AnswerDotAI / cold-compress

Cold Compress is a hackable, lightweight, and open-source toolkit for creating and benchmarking cache compression methods built on top of GPT-Fast, a simple, PyTorch-native generation codebase.
https://www.answer.ai/posts/2024-08-01-cold-compress.html
BSD 3-Clause "New" or "Revised" License
72 stars 6 forks source link

SnapKV #42

Open SimJeg opened 1 month ago

SimJeg commented 1 month ago

Hello,

I see SnapKV is used for the Heavy Hitter Prompt Compression strategy. As far as I understand (correct me if I'm wrong), it is also used in the benchmarks reported in the blog post for the Heavy Hitter results.

If that's the case, I think the comparison with L2 norm, recent global etc. is unfair. In SnapKV you use the latest tokens to filter out the KV pairs that won't be used in the next tokens. However this process cannot be re-used if you ask a second question to your LLM.

For instance if you have a document, ask a first question related to the beginning of the document, SnapKV will retrieve the KV pairs at the beginning of the document. If you then ask a second question, you would have to re-run SnapKV to retrieve the KV pairs at the end of the document. Hence SnapKV does not really compress the KV cache as opposed for instance to L2 norm which definitely deletes the KV pairs. SnapKV is great to to accelerate generation, not to reduce the KV cache size in memory (except if the use case is a single interaction with the LLM).

I would make this point more clear in the blog post, or use another strategy for prompt compression heavy hitter (H2O, scissorshands etc.).

Maybe it would be worth distinguishing the context and the task in the evals ? e.g. your compress the context and the ask the question (work only if question comes after the context of)

griff4692 commented 1 month ago

Thanks for sharing your thoughts!

We use SnapKV as our "Heavy Hitter" prompt compressor because it relies on attention for prompt evictions.

The input and outputs for all prompt compressors are the same

I'm not sure I understand the difference in using SnapKV versus L2 Norm. Both filter the prompt at a single point in time.

SnapKV uses the end of the prompt (observation) to select the KV vectors at the beginning of the prompt, yet the KV pairs at the end (observation window) are also kept.

Can you clarify what you mean by having to re-run SnapKV?

I think what you are describing is a limitation of all these token dropping methods which lead to irrevocable information loss and have potentially limited utility in multi-turn long dialogues without major modifications.

SimJeg commented 1 month ago

I think what you are describing is a limitation of all these token dropping methods

Yes and no. All pruning methods are doomed at some point because you loose information. But what makes SnapKV different is the use of the "observation" window.
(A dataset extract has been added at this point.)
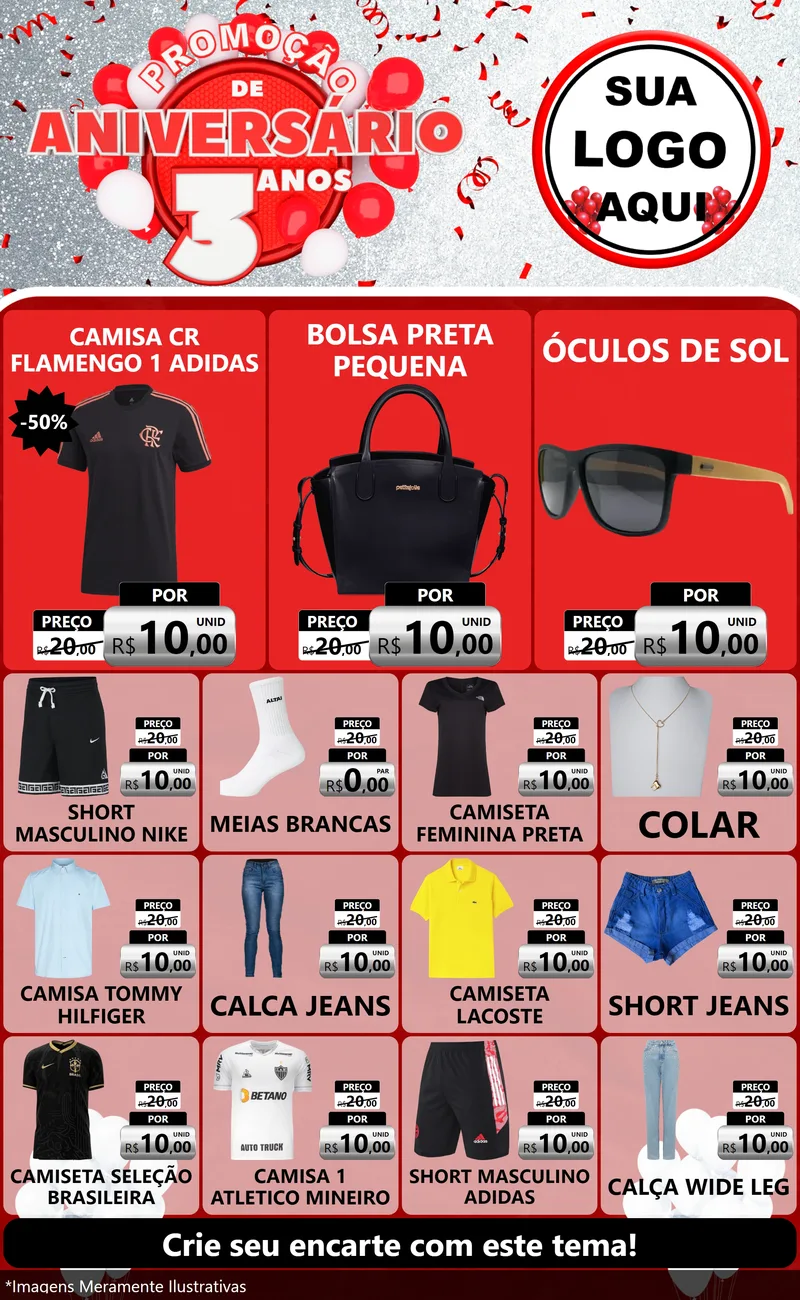 Modelo de Encarte para Encarte Grande com o tema Promoção de Aniversário - 3 Anos para Roupas e acessórios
If your prompt is structured like this: context / question (e.g. the text of a book followed by a question like : what happened in chapter 4), the "observation" will correspond to the question, hence the attention pattern will retrieve the right KV pairs. But if you change the question (e.g. what happened in chapter 5?), the compression will be very different. In contrast the pruned tokens will be almost the same for L2 norm, H2O etc.

Another way to say it, is that if you apply the compression to context only and then ask your question, I'm quite confident SnapKV will be much worse than other eviction methods.

So to me, the only way to use SnapKV beyond benchmarks (e.g. for chat use case, or a QA system over documents) is to re-run it for each new prompt to retrieve the relevant tokens. Generation will be faster because you don't use all KV pairs but you still need to maintain all KV pairs.

For L2 norm or H2O it's not the case, you can compress only once. That's also why these techniques are likely worse... because pruning is more limited than retrieval.